TASK BRIEF:
Copy only what lies from the line containing "Porto Alegre Imagem" through the line containing "Opevněné centrum Prahy." in the entries below, keeping both end lines exact and dropping every picture.

- - -

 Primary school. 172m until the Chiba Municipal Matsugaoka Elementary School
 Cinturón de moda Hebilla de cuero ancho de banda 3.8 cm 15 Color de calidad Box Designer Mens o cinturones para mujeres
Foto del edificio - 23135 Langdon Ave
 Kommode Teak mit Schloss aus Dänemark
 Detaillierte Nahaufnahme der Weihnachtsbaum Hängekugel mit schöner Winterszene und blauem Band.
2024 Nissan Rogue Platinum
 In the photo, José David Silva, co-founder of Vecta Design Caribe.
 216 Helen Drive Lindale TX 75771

- - -

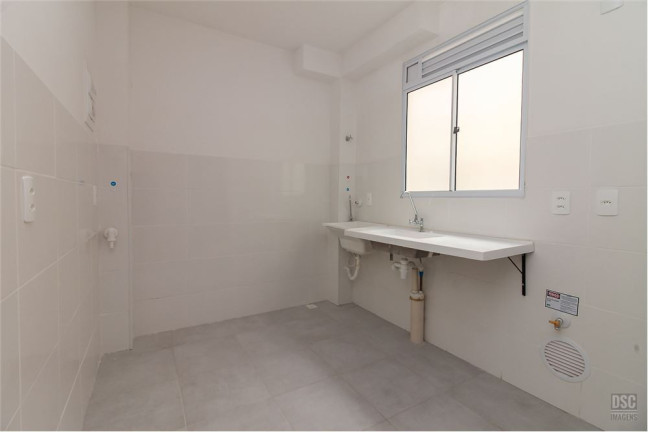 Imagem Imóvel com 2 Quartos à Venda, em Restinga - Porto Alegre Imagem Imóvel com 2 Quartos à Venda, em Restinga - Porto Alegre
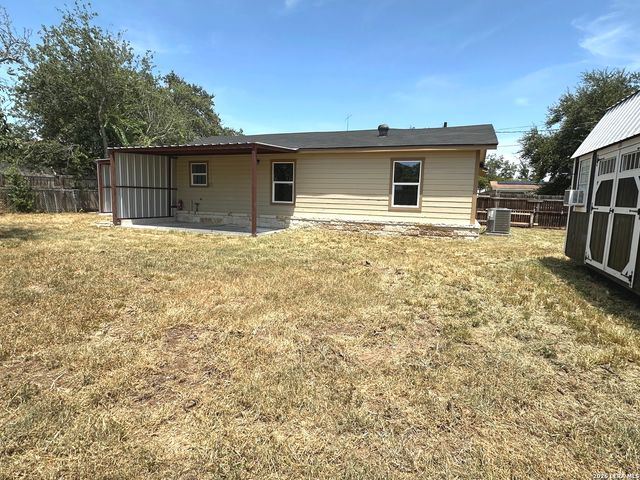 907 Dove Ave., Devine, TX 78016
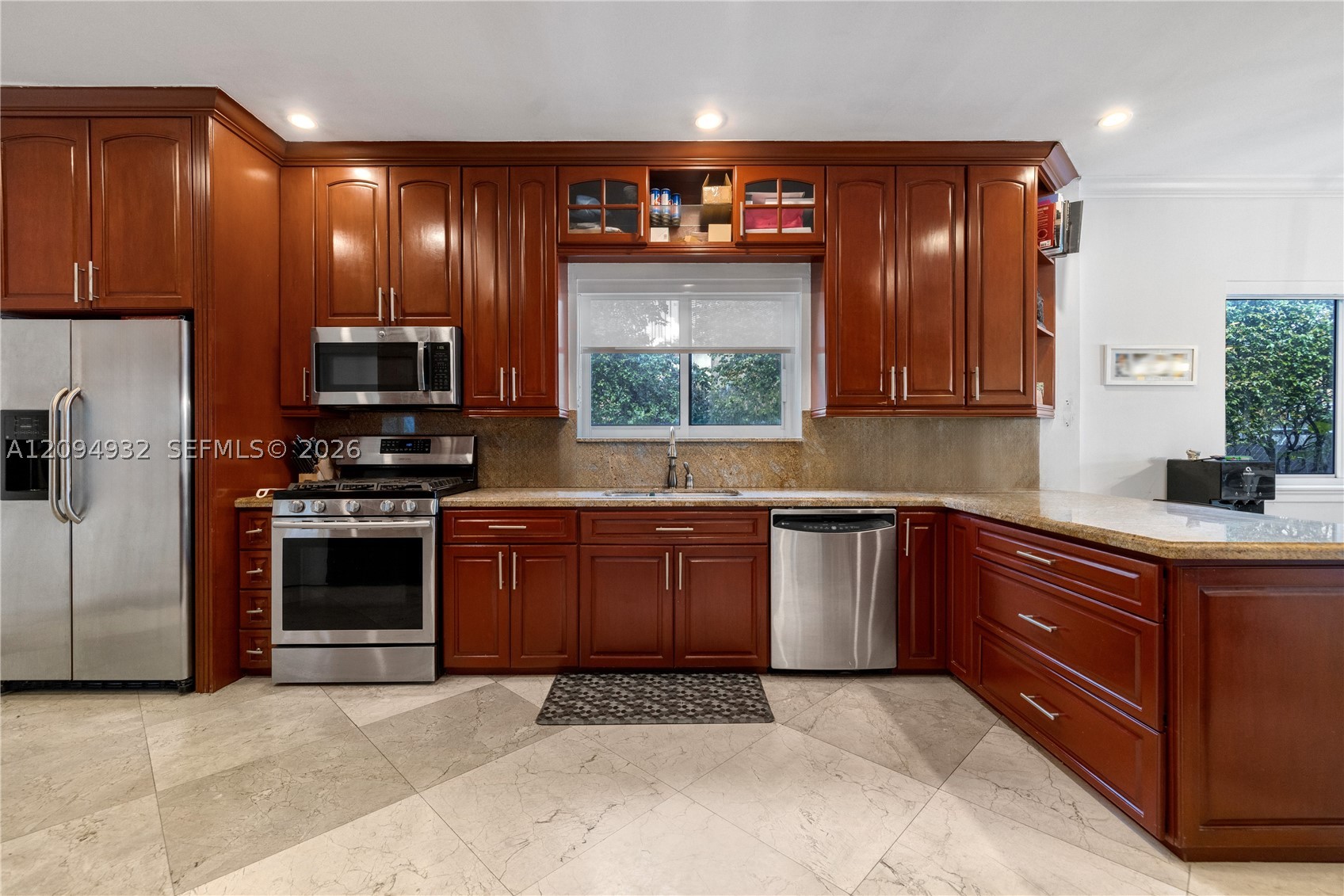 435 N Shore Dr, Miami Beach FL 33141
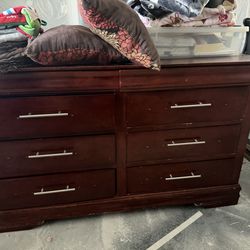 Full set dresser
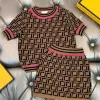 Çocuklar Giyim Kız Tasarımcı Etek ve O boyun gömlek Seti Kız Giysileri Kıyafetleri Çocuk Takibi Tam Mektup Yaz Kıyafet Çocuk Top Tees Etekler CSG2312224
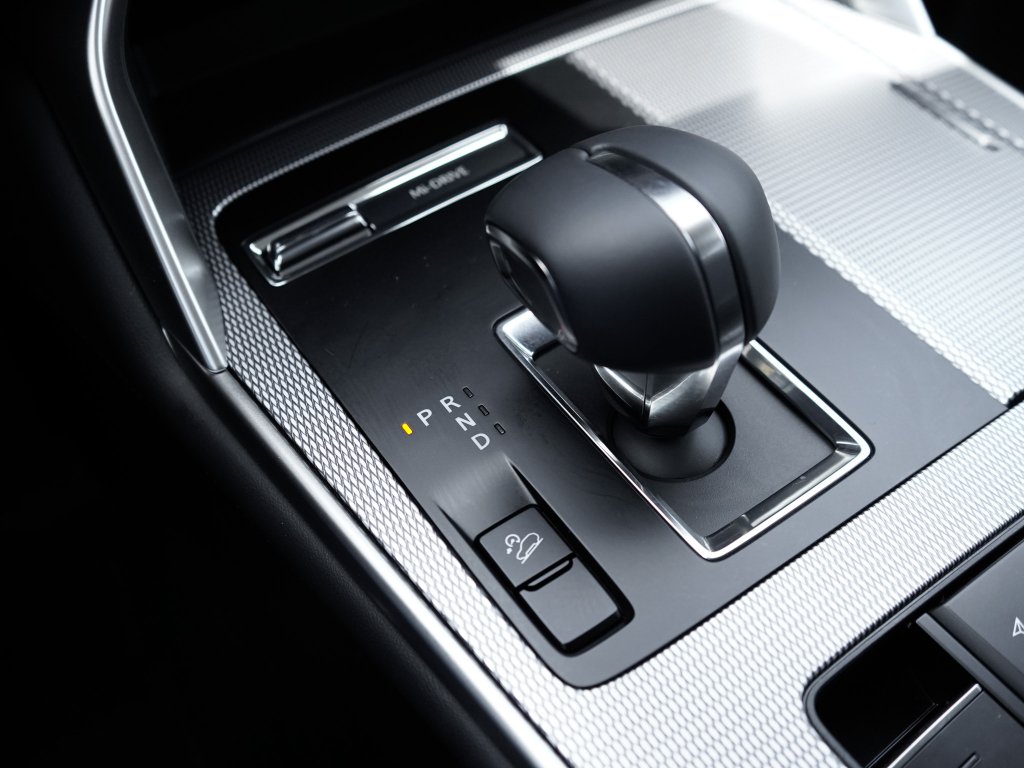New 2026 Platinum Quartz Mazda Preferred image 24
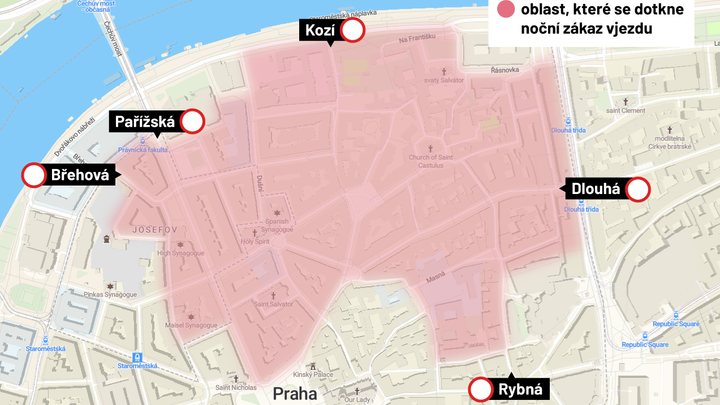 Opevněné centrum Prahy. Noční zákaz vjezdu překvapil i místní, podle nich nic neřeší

- - -

WRITTEN ANSWER:
 Imagem Imóvel com 2 Quartos à Venda, em Restinga - Porto Alegre Imagem Imóvel com 2 Quartos à Venda, em Restinga - Porto Alegre
 907 Dove Ave., Devine, TX 78016
 435 N Shore Dr, Miami Beach FL 33141
 Full set dresser
 Çocuklar Giyim Kız Tasarımcı Etek ve O boyun gömlek Seti Kız Giysileri Kıyafetleri Çocuk Takibi Tam Mektup Yaz Kıyafet Çocuk Top Tees Etekler CSG2312224
New 2026 Platinum Quartz Mazda Preferred image 24
 Opevněné centrum Prahy. Noční zákaz vjezdu překvapil i místní, podle nich nic neřeší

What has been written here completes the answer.